Your answer must be the exact lines from the one holding "Căn hộ golden" through the end of the entries, with no pictures.

**Short text fragments from websites:**
================================

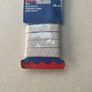 Elastics selection Image 3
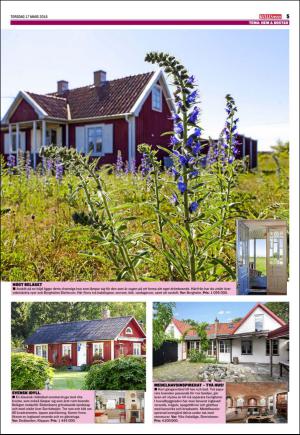 kvallsposten_bilag-20160317_000_00_00_005.pdf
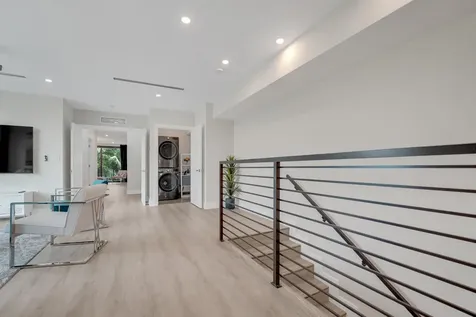 1238 NE 17th Avenue Fort Lauderdale FL 33304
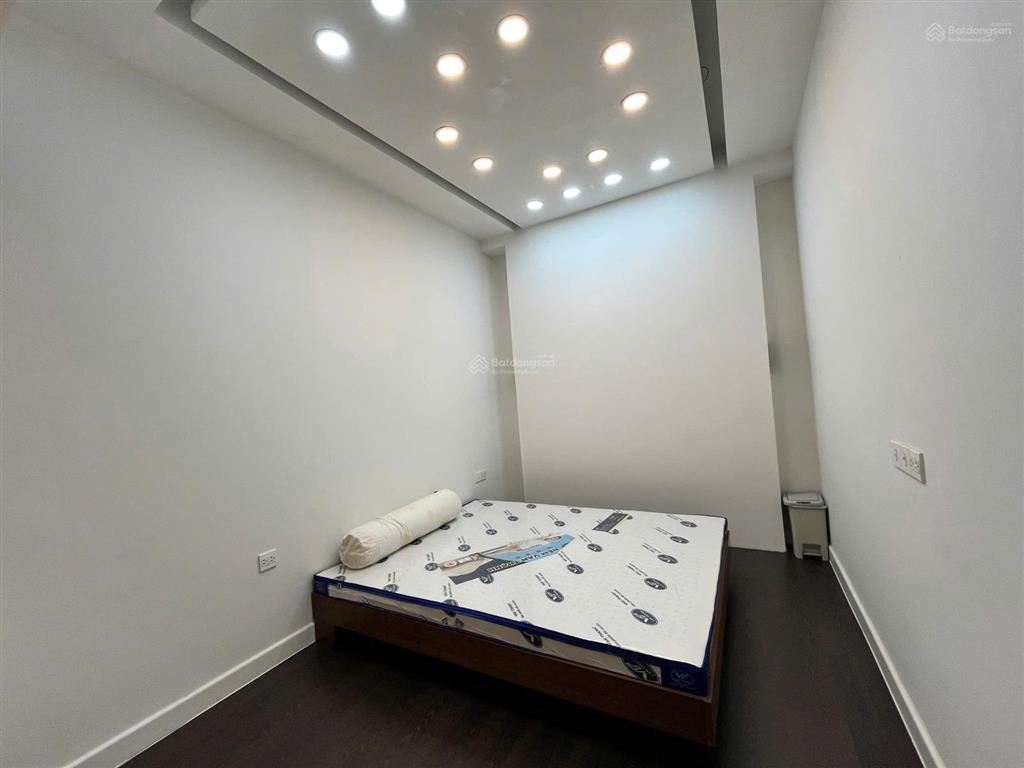 Căn hộ golden mansion novaland khu sân bay 75m2 2 phòng ngủ 17 triệu nhà đẹp view thoáng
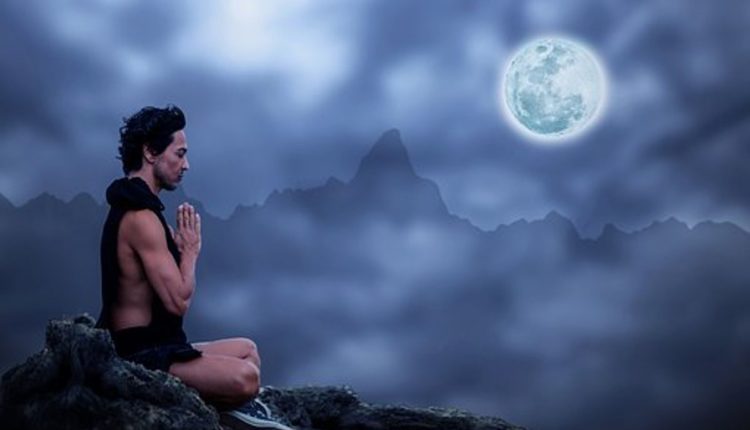 How To Improve Concentration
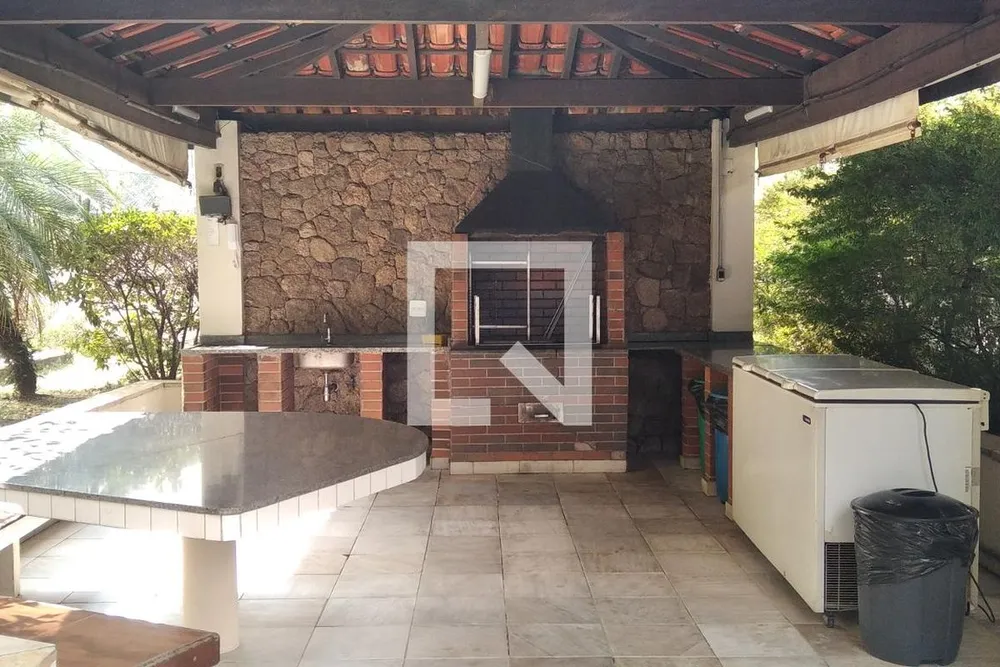 Apartamento, 4 quartos, 151 m² - Foto 10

================================

**Problem solution:**
 Căn hộ golden mansion novaland khu sân bay 75m2 2 phòng ngủ 17 triệu nhà đẹp view thoáng
 How To Improve Concentration
 Apartamento, 4 quartos, 151 m² - Foto 10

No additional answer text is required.